A violência contra a mulher também veste crachá. Um recente acordo entre o Ministério do Trabalho e Emprego e o Ministério das Mulheres prioriza vagas de emprego e qualificação para mulheres vítimas de violência, reacendendo o debate sobre políticas públicas e a transformação de vidas em risco. Essa iniciativa surge em um momento crítico, com o Brasil registrando um aumento nos casos de feminicídio e revelando a dependência financeira como um dos principais obstáculos para que mulheres rompam ciclos de agressão.
Desafios na Implementação do Acordo
Embora o acordo represente um avanço, Renata Seldin, doutora em Gestão da Inovação, aponta desafios na implementação, desde a falta de articulação entre serviços de atendimento até a dificuldade de inserção no mercado formal.
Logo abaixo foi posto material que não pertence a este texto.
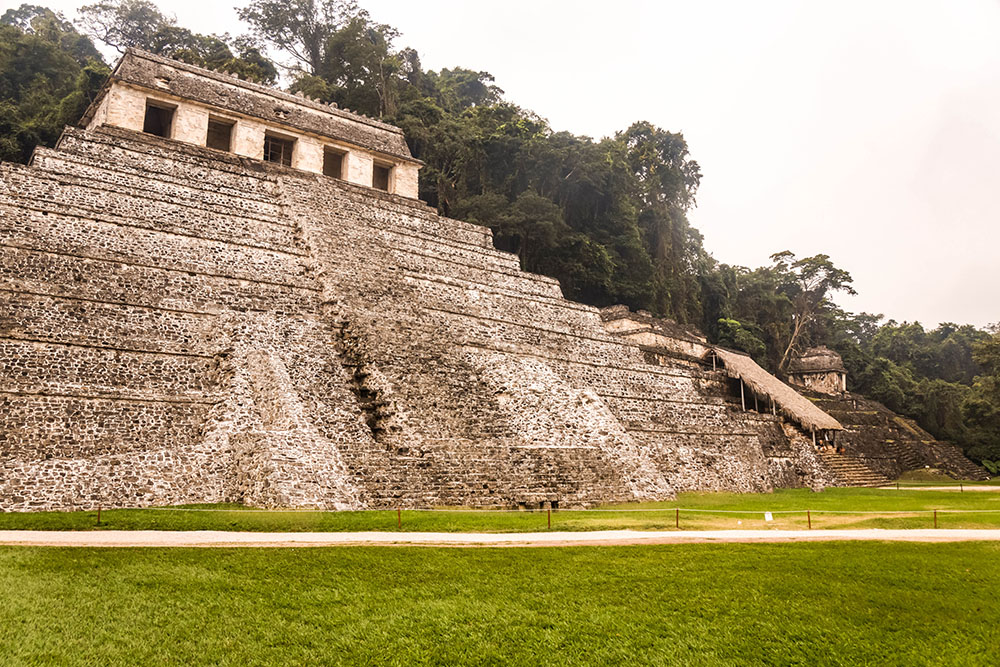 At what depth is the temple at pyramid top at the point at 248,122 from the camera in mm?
22828

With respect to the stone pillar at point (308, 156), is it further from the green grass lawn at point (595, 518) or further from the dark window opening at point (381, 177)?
the green grass lawn at point (595, 518)

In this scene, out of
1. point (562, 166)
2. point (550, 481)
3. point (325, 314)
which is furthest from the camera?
point (562, 166)

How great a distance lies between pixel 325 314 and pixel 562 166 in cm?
2018

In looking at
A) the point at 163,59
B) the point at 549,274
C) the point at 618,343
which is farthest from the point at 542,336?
the point at 163,59

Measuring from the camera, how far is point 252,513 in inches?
382

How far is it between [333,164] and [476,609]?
2424 cm

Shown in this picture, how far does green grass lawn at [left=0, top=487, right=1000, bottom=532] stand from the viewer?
9.09 metres

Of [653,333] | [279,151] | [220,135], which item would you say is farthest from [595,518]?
[220,135]

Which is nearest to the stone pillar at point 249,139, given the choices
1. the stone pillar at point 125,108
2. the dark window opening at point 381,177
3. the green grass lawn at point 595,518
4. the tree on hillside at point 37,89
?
the stone pillar at point 125,108

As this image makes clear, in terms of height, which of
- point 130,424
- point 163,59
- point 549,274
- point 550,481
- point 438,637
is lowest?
point 438,637

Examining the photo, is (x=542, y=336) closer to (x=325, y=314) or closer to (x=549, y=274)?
(x=325, y=314)

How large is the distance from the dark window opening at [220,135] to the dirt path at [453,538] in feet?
64.0

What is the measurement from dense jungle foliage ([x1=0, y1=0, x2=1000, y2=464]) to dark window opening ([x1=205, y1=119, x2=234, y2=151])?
243 inches

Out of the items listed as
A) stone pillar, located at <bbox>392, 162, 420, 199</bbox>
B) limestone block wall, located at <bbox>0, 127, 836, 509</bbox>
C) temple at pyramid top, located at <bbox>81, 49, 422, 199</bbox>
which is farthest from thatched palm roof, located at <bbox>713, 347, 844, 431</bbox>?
temple at pyramid top, located at <bbox>81, 49, 422, 199</bbox> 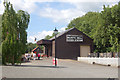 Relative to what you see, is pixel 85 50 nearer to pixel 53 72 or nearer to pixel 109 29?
pixel 109 29

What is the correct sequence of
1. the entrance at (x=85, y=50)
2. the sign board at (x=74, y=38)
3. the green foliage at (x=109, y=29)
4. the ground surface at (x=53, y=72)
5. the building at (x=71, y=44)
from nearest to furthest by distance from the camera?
the ground surface at (x=53, y=72) → the green foliage at (x=109, y=29) → the building at (x=71, y=44) → the sign board at (x=74, y=38) → the entrance at (x=85, y=50)

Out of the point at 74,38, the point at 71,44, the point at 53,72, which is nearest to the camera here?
the point at 53,72

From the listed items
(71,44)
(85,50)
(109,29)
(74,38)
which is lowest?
(85,50)

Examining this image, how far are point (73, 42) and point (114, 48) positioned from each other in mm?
9594

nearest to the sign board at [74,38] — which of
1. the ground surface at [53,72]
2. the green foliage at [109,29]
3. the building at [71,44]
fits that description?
the building at [71,44]

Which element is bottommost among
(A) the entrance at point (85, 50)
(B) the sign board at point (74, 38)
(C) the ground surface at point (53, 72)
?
(C) the ground surface at point (53, 72)

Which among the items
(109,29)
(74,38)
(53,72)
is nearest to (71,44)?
(74,38)

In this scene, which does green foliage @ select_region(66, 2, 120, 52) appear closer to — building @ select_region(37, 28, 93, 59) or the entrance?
the entrance

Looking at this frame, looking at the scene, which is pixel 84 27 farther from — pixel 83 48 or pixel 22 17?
pixel 22 17

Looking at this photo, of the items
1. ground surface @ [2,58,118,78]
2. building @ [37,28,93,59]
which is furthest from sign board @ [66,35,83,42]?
ground surface @ [2,58,118,78]

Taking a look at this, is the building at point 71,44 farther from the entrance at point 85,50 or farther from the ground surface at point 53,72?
the ground surface at point 53,72

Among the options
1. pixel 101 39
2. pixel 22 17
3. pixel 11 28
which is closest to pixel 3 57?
pixel 11 28

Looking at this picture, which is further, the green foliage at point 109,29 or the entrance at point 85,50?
the entrance at point 85,50

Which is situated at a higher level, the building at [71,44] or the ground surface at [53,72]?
the building at [71,44] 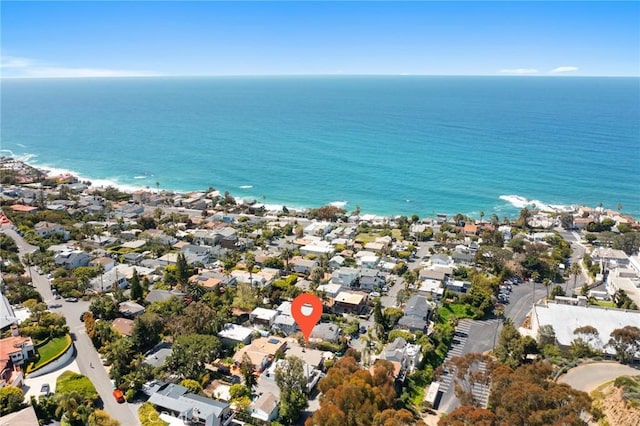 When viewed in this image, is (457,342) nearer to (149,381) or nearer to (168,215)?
(149,381)

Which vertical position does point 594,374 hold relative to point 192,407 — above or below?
below

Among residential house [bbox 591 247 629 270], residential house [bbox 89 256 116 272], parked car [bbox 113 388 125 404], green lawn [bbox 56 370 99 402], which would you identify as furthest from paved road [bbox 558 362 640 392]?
residential house [bbox 89 256 116 272]

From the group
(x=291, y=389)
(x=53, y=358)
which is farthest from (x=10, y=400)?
(x=291, y=389)

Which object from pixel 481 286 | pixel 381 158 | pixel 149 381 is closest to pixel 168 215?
pixel 149 381

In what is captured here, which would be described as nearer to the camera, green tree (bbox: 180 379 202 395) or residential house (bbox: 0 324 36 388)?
green tree (bbox: 180 379 202 395)

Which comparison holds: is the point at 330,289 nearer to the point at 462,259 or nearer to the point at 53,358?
the point at 462,259

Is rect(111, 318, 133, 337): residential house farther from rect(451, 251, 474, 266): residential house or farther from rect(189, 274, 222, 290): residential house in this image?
rect(451, 251, 474, 266): residential house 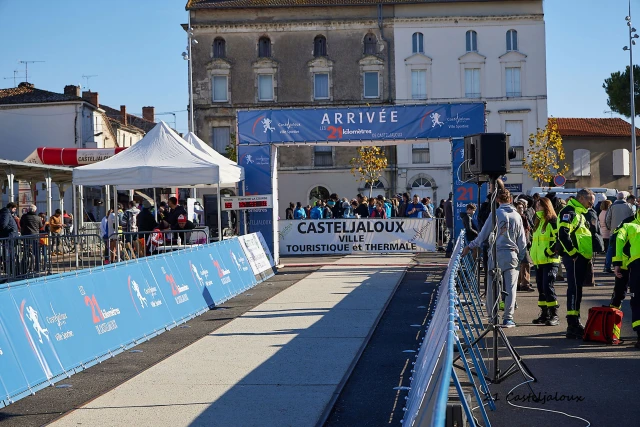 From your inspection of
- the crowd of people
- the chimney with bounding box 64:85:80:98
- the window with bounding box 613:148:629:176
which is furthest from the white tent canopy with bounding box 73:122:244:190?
the window with bounding box 613:148:629:176

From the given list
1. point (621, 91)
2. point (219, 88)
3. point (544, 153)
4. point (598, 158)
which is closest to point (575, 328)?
point (544, 153)

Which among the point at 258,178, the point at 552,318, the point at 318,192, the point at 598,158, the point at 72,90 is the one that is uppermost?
the point at 72,90

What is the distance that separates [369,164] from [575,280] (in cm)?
4356

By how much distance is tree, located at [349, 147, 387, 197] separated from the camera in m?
54.3

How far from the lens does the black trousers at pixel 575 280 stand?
11.0m

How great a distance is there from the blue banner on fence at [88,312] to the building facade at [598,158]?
52465 millimetres

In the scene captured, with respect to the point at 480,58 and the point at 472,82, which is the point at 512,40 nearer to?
the point at 480,58

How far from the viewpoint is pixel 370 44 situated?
2293 inches

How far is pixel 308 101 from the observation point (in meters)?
58.1

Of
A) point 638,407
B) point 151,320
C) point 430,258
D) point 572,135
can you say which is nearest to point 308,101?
point 572,135

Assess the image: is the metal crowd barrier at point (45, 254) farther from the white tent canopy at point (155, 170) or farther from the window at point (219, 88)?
the window at point (219, 88)

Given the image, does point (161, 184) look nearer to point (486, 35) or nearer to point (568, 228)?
point (568, 228)

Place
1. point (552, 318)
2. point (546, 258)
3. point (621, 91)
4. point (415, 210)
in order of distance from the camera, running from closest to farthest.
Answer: point (546, 258) < point (552, 318) < point (415, 210) < point (621, 91)

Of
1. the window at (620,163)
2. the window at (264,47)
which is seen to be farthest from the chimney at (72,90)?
the window at (620,163) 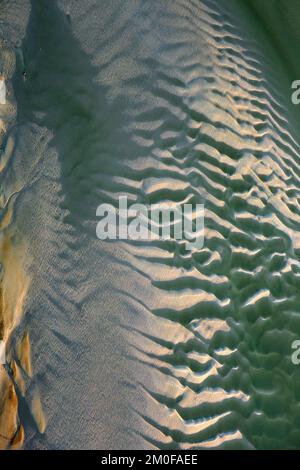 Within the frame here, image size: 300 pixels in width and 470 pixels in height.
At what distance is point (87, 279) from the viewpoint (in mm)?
980

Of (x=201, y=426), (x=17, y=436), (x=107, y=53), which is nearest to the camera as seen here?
(x=17, y=436)

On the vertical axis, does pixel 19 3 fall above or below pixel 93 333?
above

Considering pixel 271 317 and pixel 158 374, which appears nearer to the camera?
pixel 158 374

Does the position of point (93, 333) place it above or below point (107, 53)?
below

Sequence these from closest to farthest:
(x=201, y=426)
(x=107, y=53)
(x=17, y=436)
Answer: (x=17, y=436) < (x=201, y=426) < (x=107, y=53)

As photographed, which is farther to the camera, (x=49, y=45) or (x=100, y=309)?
(x=49, y=45)

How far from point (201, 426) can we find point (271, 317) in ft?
1.04

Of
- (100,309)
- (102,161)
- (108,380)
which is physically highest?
(102,161)

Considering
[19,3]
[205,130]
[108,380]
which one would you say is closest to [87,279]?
[108,380]

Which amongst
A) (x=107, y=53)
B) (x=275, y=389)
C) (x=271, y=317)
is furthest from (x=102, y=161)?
(x=275, y=389)

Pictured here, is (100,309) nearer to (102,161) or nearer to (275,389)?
(102,161)

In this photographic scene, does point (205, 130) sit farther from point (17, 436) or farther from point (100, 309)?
point (17, 436)

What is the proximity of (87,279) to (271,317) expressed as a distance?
1.53 ft

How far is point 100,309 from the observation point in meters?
0.96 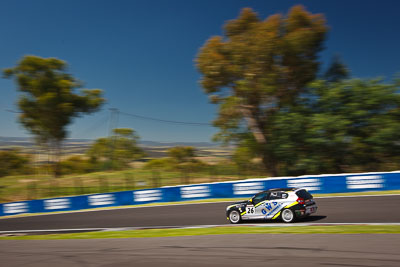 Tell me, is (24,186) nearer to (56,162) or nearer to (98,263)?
(56,162)

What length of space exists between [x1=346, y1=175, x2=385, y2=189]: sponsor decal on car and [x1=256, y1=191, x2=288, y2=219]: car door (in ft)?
27.2

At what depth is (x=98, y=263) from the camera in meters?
8.30

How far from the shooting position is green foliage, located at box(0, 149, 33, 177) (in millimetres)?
52781

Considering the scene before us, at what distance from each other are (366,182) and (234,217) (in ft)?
29.5

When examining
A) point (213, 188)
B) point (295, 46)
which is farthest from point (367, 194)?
point (295, 46)

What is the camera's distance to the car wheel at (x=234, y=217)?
13541 millimetres

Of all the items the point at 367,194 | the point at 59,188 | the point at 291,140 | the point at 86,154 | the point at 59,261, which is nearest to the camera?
the point at 59,261

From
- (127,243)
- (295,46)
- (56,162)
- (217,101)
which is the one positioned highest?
(295,46)

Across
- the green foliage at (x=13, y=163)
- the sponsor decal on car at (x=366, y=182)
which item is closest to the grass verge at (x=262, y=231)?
the sponsor decal on car at (x=366, y=182)

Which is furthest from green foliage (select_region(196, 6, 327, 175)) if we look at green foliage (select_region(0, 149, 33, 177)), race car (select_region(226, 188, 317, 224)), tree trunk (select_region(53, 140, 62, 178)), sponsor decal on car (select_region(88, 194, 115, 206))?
green foliage (select_region(0, 149, 33, 177))

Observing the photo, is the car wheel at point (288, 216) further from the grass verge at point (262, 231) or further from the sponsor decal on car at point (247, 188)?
the sponsor decal on car at point (247, 188)

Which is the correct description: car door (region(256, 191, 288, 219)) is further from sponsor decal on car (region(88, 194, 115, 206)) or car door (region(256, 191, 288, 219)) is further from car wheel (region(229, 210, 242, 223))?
sponsor decal on car (region(88, 194, 115, 206))

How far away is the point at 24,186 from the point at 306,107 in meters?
29.7

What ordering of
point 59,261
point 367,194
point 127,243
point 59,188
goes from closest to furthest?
1. point 59,261
2. point 127,243
3. point 367,194
4. point 59,188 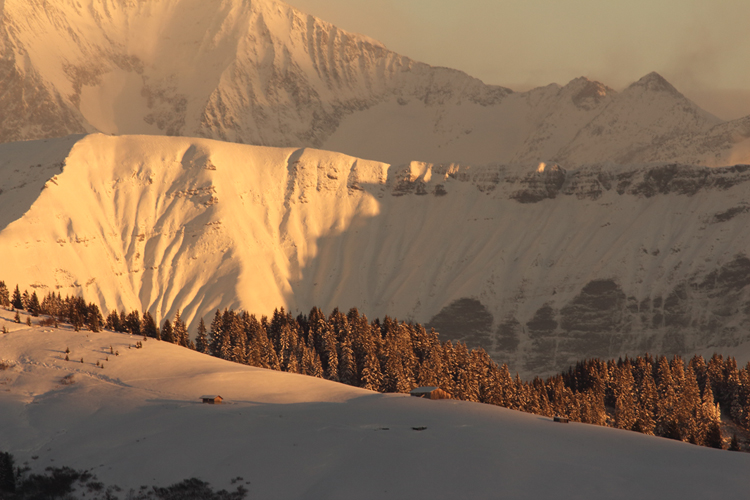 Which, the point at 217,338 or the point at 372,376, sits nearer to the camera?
the point at 372,376

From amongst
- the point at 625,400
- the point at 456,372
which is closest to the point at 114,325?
the point at 456,372

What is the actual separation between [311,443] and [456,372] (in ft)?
238

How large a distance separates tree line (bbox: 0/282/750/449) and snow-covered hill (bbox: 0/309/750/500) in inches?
1257

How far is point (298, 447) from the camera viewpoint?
67938 mm

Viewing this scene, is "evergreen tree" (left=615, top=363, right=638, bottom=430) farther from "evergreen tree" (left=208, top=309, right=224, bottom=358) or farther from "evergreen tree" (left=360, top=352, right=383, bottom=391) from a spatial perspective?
"evergreen tree" (left=208, top=309, right=224, bottom=358)

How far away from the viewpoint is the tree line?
125625 mm

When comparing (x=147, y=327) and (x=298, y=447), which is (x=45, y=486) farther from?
(x=147, y=327)

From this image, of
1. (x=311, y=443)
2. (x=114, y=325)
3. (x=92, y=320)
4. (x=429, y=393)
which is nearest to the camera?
(x=311, y=443)

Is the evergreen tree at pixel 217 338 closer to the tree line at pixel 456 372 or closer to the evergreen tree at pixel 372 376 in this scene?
the tree line at pixel 456 372

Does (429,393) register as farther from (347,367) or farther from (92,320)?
(347,367)

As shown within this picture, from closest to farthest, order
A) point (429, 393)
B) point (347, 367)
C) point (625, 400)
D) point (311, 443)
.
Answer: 1. point (311, 443)
2. point (429, 393)
3. point (625, 400)
4. point (347, 367)

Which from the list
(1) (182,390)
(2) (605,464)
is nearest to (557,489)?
(2) (605,464)

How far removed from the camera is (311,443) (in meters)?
68.8

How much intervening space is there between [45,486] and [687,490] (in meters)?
41.8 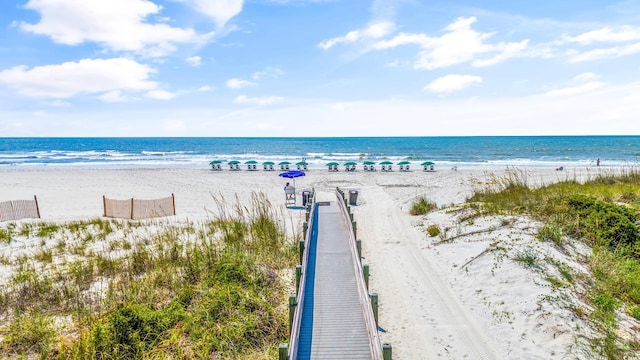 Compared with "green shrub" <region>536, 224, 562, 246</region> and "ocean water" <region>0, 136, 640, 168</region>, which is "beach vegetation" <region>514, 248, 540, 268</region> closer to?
"green shrub" <region>536, 224, 562, 246</region>

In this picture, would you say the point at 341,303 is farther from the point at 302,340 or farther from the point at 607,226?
the point at 607,226

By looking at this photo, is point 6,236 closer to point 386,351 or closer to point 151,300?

Ela acompanha de perto o impacto da desigualdade estrutural na trajetória profissional das mulheres.
Com uma semana de atraso do Dia Internacional pela Eliminação da Violência contra as Mulheres (25/11), observamos uma sucessão de casos graves de feminicídio e novas pesquisas sobre o aumento da violência doméstica. No entanto, também nos deparamos com notícias que apontam para uma mudança nesse cenário: o governo criou uma pensão especial para filhos de vítimas de feminicídio, paga pelo INSS, garantindo um salário mínimo mensal até os 18 anos, mediante requisitos de renda e comprovação do crime. O benefício, previsto para iniciar em dezembro de 2025, foi regulamentado pelo Decreto nº 12.636/2025.
Além disso, o Congresso também tem promovido alterações na Lei Maria da Penha, como a Lei nº 15.125/2025, que permite a monitoração eletrônica do agressor durante medidas protetivas. Adicionalmente, 6 de dezembro marcou o Dia Nacional de Mobilização dos Homens pelo Fim da Violência Contra as Mulheres (Lei 11.489/2007), reforçando a corresponsabilidade masculina.
A Violência no Ambiente de Trabalho
Apesar de todos esses avanços, ainda se discute pouco sobre a violência contra a mulher no ambiente de trabalho. Basta considerar o que se espera de um colaborador “normal”: ser pontual, entregar mais do que o esperado, vestir a camisa. Mas e de uma colaboradora? Acrescente: vestir-se de forma “adequada”, “ser forte”, encarar tudo “como um homem”, não se ausentar em crises menstruais e fazer vista grossa para comentários e comportamentos inadequados.
Em muitos ambientes, espera-se que mulheres deixem parte de quem são na porta e entrem descomplicadas, neutras e produtivas. É desse padrão de exigência e silêncio que nasce boa parte da violência que enfrentam no trabalho.
Microagressões e Seus Impactos
Essa violência não é apenas o assédio. Às vezes, é a reunião em que se tenta falar e não consegue, o chefe que sabe como desestabilizar, o olhar que diminui, a promoção que não vem, o salário menor que o do colega homem.
Para quem já precisou sobreviver a outros medos, cada microagressão desperta gatilhos que não desligam facilmente. E é aqui que a violência encontra o burnout. Pesquisas recentes mostram que trabalhadores expostos à violência psicológica têm risco significativamente maior de desenvolver burnout. Não é difícil entender o porquê: quando o corpo aprende a sobreviver, não relaxa mais; a mente se acostuma a mapear perigos; o ambiente reforça a sensação de desproteção; a exaustão deixa de ser fase e vira modo de existência.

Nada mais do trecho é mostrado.